Understanding the Problem: Ratio of Speeds

• This problem involves comparing the speeds of two animals, a dog and a hare, based on their leaps and the distance covered by each leap.

• The core concept is that Speed = Distance / Time. When comparing speeds, if the time taken is the same, the ratio of speeds is equal to the ratio of distances covered.

Step-by-Step Explanation:

• Given Information:

  • Dog takes 3 leaps for every 5 leaps of the hare. This implies that in the same amount of time, the dog makes 3 leaps while the hare makes 5 leaps.

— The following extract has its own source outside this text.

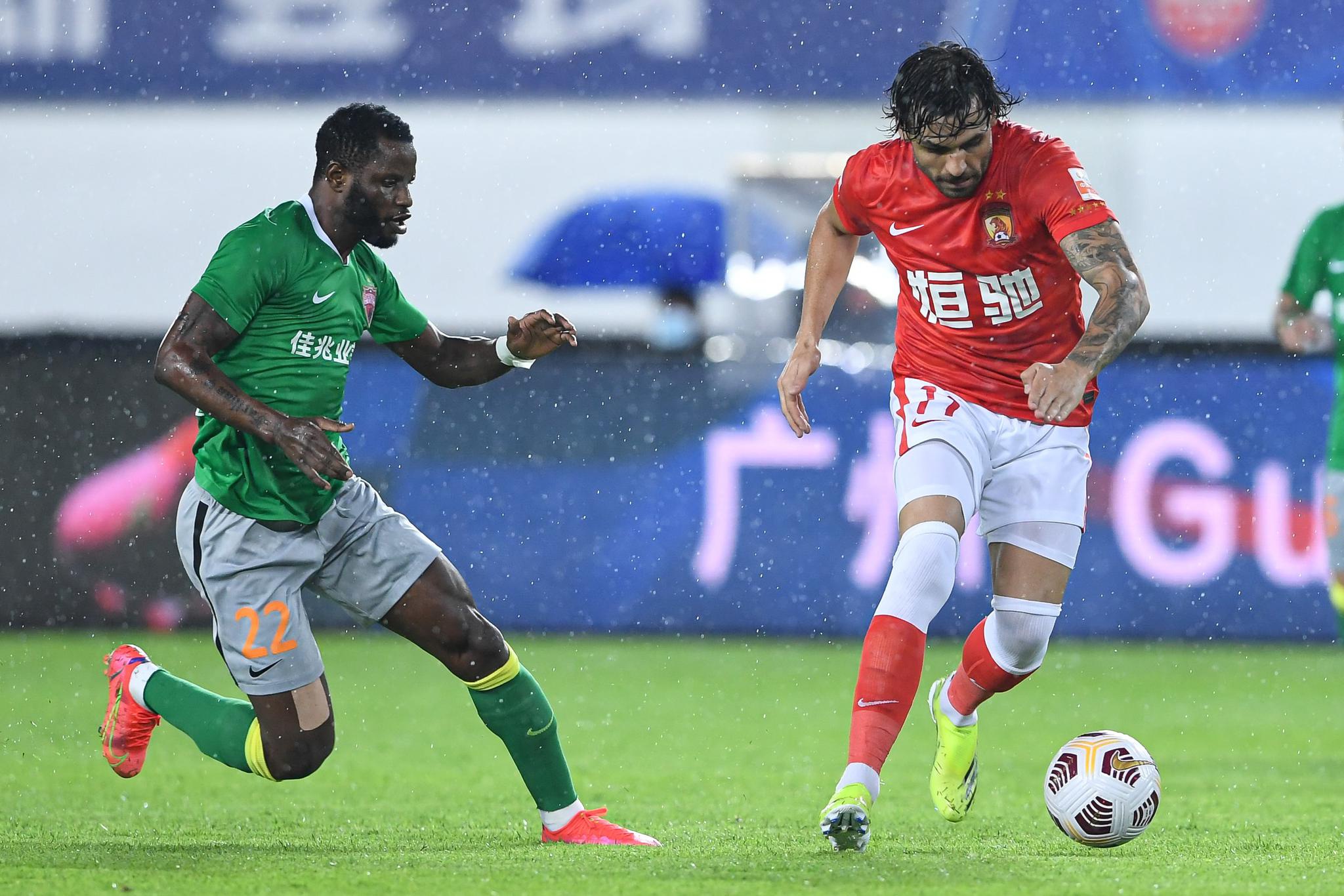 赛后广州队调整名单以备中超冲刺阶段波特兰开拓者备战欧超杯，皇家马德里今晨战术微调看傻球迷的简单介绍海星体育竞猜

  • One leap of the dog is equal to 3 leaps of the hare in terms of distance.

• Let's denote:

  • Length of 1 dog's leap as L_D

  • Length of 1 hare's leap as L_H

• Establishing Leap Length Equivalence:

  • From the second given fact, we know: L_D = 3 * L_H.

• Calculating Total Distance Covered in Same Time:

  • Assume a unit of time (e.g., 1 minute) during which the dog takes 3 leaps and the hare takes 5 leaps.

  • Distance covered by the dog:
    Number of leaps by dog × Length of 1 dog's leap
    = 3 × L_D
    = 3 × (3 * L_H) (Substituting L_D = 3L_H)
    = 9 * L_H

  • Distance covered by the hare:
    Number of leaps by hare × Length of 1 hare's leap
    = 5 × L_H
    = 5 * L_H

• Determining the Ratio of Speeds:

  • Since both distances are covered in the same amount of time, the ratio of their speeds will be the ratio of the distances they cover.

  • Ratio of (Speed of Dog) : (Speed of Hare)
    = (Distance covered by Dog) : (Distance covered by Hare)
    = (9 * L_H) : (5 * L_H)

  • Cancelling out L_H from both sides, we get the ratio: 9 : 5.